House Chief Deputy Minority Whip Eric Cantor, Virginia Republican, is reportedly on John McCain‘s short list for vice president. Mr. Cantor, 45, would bring a number of strengths to the Republican ticket. If Mr. McCain were to select Mr. Cantor, who has a lifetime American Conservative Union rating of 97 percent, it would send a clear message to the conservative Republican base that has had a difficult, uneasy relationship with Mr. McCain. It also would do so without alienating non-conservatives who might be inclined to support the nominee.

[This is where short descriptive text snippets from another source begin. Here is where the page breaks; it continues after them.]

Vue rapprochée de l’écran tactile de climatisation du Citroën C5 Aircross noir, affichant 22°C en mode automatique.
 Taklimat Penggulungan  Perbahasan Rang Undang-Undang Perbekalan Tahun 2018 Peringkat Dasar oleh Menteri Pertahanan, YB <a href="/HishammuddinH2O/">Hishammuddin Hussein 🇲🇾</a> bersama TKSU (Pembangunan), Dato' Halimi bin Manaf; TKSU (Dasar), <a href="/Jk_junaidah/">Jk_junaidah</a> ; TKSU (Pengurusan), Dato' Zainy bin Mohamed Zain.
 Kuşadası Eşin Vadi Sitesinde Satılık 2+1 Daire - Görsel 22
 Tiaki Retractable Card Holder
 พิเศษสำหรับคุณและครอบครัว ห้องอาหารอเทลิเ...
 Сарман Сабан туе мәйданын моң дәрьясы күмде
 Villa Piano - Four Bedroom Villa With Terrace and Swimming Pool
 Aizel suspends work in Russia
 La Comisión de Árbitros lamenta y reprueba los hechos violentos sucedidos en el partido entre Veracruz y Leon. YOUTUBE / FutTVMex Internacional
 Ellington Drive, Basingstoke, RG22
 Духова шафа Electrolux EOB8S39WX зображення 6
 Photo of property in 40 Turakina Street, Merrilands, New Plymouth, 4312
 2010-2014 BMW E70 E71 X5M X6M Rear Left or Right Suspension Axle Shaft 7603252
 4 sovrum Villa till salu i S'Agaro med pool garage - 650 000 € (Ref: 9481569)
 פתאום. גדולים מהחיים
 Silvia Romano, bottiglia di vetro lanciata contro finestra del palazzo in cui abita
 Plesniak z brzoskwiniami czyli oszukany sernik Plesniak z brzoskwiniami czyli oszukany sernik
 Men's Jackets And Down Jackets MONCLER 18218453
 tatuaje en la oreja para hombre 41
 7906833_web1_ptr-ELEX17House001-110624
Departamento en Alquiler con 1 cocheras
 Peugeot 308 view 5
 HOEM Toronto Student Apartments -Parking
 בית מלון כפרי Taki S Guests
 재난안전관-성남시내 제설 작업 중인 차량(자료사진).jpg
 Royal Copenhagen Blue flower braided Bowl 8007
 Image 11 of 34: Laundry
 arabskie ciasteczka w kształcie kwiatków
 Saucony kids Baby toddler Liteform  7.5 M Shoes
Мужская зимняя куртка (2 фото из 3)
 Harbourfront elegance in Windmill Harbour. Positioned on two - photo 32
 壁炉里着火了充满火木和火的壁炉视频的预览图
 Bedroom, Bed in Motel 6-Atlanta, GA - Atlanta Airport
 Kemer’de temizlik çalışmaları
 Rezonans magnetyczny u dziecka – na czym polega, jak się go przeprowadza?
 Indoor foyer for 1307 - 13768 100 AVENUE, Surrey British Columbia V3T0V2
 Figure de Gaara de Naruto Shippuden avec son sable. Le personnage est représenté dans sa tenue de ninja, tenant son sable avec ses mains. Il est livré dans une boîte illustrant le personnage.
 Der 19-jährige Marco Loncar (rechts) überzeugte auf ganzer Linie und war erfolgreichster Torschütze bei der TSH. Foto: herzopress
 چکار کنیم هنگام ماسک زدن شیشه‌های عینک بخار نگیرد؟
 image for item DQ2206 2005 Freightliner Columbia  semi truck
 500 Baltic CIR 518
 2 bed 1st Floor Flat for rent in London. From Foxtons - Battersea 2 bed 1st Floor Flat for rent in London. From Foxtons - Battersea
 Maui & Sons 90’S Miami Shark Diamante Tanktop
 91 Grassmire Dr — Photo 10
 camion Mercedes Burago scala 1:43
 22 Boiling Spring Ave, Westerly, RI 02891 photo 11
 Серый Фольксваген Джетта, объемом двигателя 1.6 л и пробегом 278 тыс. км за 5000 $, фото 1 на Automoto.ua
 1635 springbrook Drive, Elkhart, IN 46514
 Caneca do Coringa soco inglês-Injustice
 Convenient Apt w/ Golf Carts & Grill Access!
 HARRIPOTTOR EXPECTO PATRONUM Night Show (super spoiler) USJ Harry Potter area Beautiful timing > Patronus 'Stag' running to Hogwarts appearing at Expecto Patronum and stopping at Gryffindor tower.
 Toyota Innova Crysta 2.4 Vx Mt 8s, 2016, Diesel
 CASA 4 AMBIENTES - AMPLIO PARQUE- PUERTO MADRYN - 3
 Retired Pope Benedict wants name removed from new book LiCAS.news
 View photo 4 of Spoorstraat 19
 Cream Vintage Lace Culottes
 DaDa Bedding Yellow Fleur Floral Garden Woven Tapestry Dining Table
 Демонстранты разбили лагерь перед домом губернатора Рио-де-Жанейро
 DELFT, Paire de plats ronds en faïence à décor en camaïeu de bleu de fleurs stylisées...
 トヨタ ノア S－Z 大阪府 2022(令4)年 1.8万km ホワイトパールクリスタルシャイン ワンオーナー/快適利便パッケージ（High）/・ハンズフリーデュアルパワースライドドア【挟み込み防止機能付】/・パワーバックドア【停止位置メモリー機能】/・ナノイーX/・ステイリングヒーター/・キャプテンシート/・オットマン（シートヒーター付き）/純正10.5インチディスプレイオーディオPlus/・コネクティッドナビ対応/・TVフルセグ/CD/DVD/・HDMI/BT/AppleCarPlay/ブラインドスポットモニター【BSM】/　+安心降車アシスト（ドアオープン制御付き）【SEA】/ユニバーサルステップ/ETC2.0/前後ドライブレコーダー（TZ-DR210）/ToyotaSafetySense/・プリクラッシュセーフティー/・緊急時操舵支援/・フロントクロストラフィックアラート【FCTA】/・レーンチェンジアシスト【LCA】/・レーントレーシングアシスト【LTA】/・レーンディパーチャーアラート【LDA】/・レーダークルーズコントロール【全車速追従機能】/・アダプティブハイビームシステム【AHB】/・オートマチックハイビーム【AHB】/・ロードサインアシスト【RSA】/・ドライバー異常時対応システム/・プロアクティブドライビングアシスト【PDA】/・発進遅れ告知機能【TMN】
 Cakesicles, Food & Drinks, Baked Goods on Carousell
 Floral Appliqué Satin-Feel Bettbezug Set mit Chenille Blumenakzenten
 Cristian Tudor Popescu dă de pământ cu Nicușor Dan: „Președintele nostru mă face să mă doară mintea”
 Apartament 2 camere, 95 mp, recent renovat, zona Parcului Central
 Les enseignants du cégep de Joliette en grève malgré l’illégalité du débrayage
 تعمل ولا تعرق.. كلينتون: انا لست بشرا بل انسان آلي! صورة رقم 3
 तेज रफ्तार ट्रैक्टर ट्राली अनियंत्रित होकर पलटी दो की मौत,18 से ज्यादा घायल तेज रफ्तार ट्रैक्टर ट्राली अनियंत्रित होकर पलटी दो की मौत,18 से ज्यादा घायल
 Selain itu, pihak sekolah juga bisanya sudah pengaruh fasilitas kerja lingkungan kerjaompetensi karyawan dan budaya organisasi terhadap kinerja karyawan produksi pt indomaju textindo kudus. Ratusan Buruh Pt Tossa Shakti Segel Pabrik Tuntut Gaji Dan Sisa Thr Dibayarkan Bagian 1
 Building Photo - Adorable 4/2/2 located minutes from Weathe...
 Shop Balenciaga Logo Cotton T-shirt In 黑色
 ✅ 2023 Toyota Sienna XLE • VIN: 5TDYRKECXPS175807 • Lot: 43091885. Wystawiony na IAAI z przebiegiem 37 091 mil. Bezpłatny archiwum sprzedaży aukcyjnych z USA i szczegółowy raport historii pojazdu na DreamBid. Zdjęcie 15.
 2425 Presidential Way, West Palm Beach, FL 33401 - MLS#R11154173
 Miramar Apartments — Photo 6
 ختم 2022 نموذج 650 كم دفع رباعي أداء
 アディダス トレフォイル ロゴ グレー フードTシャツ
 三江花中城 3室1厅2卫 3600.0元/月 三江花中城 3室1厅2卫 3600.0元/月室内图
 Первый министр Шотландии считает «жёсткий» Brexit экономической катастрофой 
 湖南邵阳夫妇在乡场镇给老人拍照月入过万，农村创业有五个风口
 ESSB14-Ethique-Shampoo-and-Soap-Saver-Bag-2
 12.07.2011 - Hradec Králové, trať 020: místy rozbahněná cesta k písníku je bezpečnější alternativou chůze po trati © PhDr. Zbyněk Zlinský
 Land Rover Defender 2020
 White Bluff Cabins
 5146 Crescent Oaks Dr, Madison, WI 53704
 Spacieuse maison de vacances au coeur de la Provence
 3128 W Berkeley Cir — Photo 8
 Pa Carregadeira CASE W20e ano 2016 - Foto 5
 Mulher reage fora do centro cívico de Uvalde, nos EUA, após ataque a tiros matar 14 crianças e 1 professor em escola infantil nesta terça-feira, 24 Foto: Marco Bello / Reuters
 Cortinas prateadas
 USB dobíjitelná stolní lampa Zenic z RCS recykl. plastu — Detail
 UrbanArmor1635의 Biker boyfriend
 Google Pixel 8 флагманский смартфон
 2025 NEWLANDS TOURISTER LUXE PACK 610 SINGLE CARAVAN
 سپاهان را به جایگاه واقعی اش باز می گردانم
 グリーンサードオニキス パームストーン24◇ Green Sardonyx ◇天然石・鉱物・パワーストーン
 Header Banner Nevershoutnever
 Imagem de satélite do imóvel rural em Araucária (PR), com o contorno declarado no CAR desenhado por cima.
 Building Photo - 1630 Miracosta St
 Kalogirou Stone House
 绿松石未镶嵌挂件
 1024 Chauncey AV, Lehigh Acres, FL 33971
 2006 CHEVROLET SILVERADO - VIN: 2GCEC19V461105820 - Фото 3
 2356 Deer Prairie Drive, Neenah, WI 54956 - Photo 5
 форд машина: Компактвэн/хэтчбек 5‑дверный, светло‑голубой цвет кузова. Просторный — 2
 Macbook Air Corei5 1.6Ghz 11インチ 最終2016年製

There are any number of objections that can be raised to a Cantor candidacy. No Jew has served as president or vice president (although Sen. Joe Lieberman was the Democratic vice-presidential nominee eight years ago). While the United States has come a long way in improving ethnic and race relations in recent decades, it is unquestionably true that religious bigotry exists and must be factored in. Mr. Cantor was elected to the Virginia House of Delegates in 1991 and to Congress nine years later representing a Richmond-area district. As the only Jewish Republican in the U.S. House of Representatives, Mr. Cantor “is a natural nexus between the party’s Christian conservatives and traditionally Democratic Jewish campaign donors that they court with their hawkish support for Israel. Despite his short congressional tenure, Cantor ranks among the top beneficiaries of pro-Israel campaign dollars and is a spokesman for the party on Israel,” according to Congressional Quarterly’s Politics in America.

Mr. Cantor, who served as chairman of a congressional task force on terrorism, has been an outspoken advocate of a tough U.S. stance against Iran’s nuclear weapons program and Syrian support of terrorism. Early last year, when it appeared that a significant number of Republicans might vote for a Democratic-pushed war funding bill that included a timeline for the withdrawal of U.S. troops from Iraq, Mr. Cantor worked to keep Republican lawmakers united against it, and largely succeeded - in the end, only two of them voted for the legislation. And Mr. Cantor has been a stalwart supporter of building a U.S. national missile defense. In sum, when it comes to defense and foreign policy, Mr. Cantor’s views are very much in sync with those of Mr. McCain.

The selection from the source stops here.